My kids’ good old dog William resting with me on the bluff.
Photo by Robin Loznak
The bluff, September 2010. I hopped onto the outcropping of large flat boulders overlooking a steep drop to the valley floor. Moss formed a patchy carpet on the stones, tufts of grass filling the crevices. I smiled. The bluff brought back memories of games my sister, Nancy, and I used to play. We would lie down at the edge of the overhang and keep watch on happenings below, filling our minds with imagined danger and excitement.
My daughter Carisa, with me today, stepped up beside me. An entire summer had passed since last I wandered the hills and fields of the farm seeking special places Martha might have walked in order to know this new land of hers.
Now it was fall. The first fall rains had come, but it was supposed to be clearing again, heading into the usual warm Indian summer. Dark gray clouds boiled overhead with a few bits of blue offering promise. Our coats still felt damp from the shower that caught us on our way here. I thought about Martha and the wanderlust that brought her to this place–her husband’s, but probably hers as well.
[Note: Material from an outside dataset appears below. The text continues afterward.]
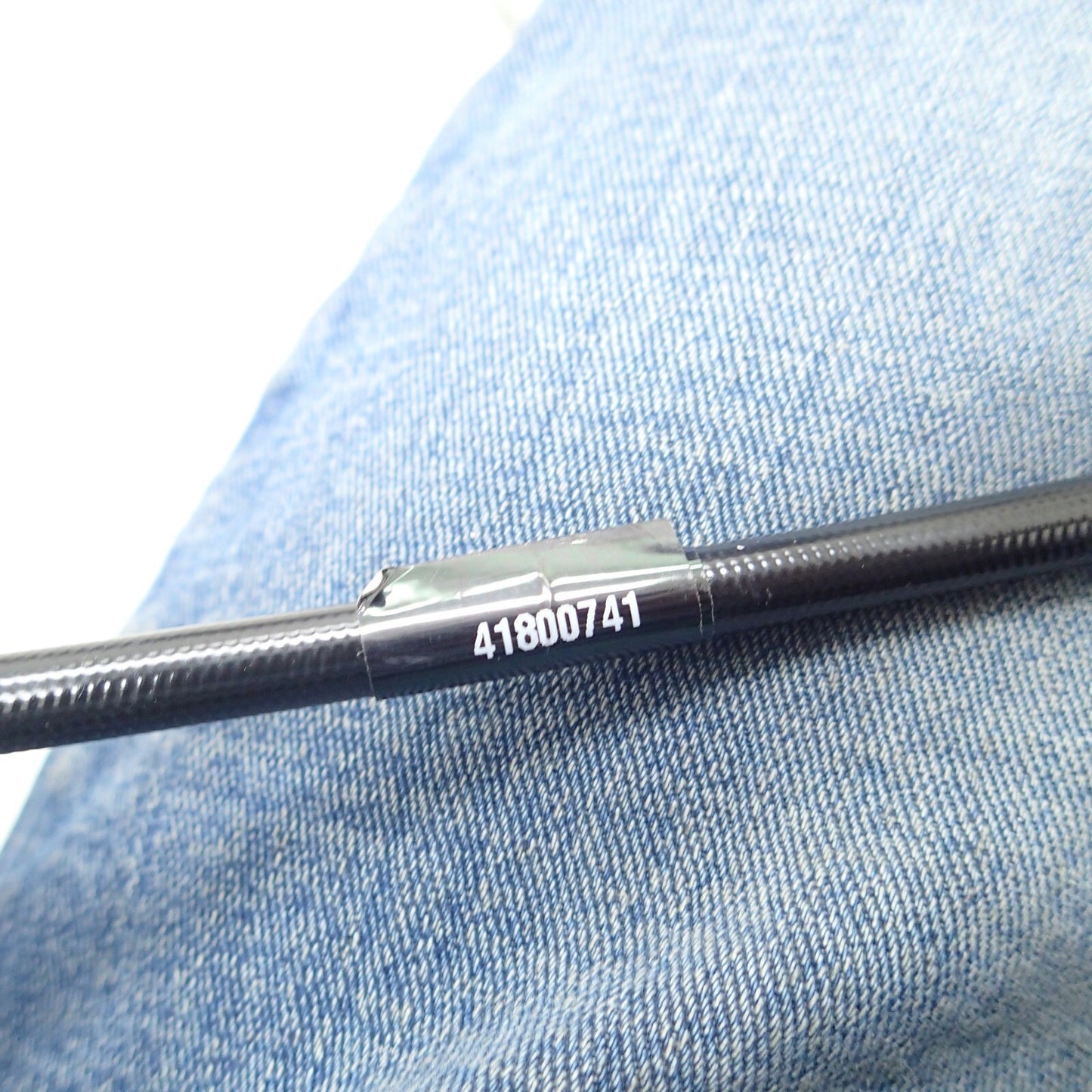 Harley Davidson Softail Upper Brake line Kit Street Slammer Handlebars 41800456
What kind of danger and excitement did she face?
The soft, moist air wrapped around us as we stood on this hillside overlook, screened by the oak and myrtle trees that enclosed the bluff, giving it a pleasant feeling of seclusion, as if we could see out but might be comfortably hidden from any watchers outside. A young twisted oak stood directly out from the rimrock, offering glimpses between its branches of the lower fields and the wide green river flowing gently past. A grassy bench of land swept up from the bluff to the right, while a bank rose sharply behind, adding to our sense of enclosure.
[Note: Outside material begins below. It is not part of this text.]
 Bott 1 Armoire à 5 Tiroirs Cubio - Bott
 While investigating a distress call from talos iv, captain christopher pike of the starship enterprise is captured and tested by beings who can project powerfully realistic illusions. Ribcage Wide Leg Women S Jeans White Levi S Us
In years past my sister and I used to take a trail to get here, a narrow animal trail that bit into an almost perpendicular hillside on our left. This time Carisa and I had taken the newer, easier route from the other direction, coming up a steep logging road, the Tree Farm Road, where a sign on the gate marked our designation as a certified Tree Farm.
In fact, before I could start the rough draft of this book I had to stop and write a new timber management plan and have the operation reviewed in order to be certified as my father had been. More than once, farm needs would pull me away from this story focused on the farm.
Did Martha come up here? Did she stand on these mossy rocks and contemplate the journey of her life that brought her to this lovely wilderness so terribly far from home? Whatever happened to her parents, Thomas and Maxy Poindexter? I doubt she ever saw them after that trip to Illinois for the birth of Leonora, a birthplace recorded by multiple census records that let me know Martha made the trip to have the child there. . . .
Questions haunted me as I plunged forward with this project. With other books, I’d often had the eerie feeling that stories were coming to me from somewhere–or someone–outside myself. I would set up a framework and ideas would flood in. That feeling hit much stronger this time, as if the messenger were closer to me. I wished whoever was sending these messages would refrain from flooding me with them at four in the morning. But I knew well that state of openness on the edge of sleep before the doubts of an awakened mind rose, letting the stuff of dream and spirit enter in.
Can you find out what happened to Martha’s parents? That would be so interesting
I did not find the parents, Wilma. I did a pretty thorough search when I was in Illinois and kept searching after I came home. The details of the search are in the book. It was one one of my big frustrations, but I finally had to let it go. One researcher who helped me said that sometimes there’s just nothing to find. But yes, it would be interesting.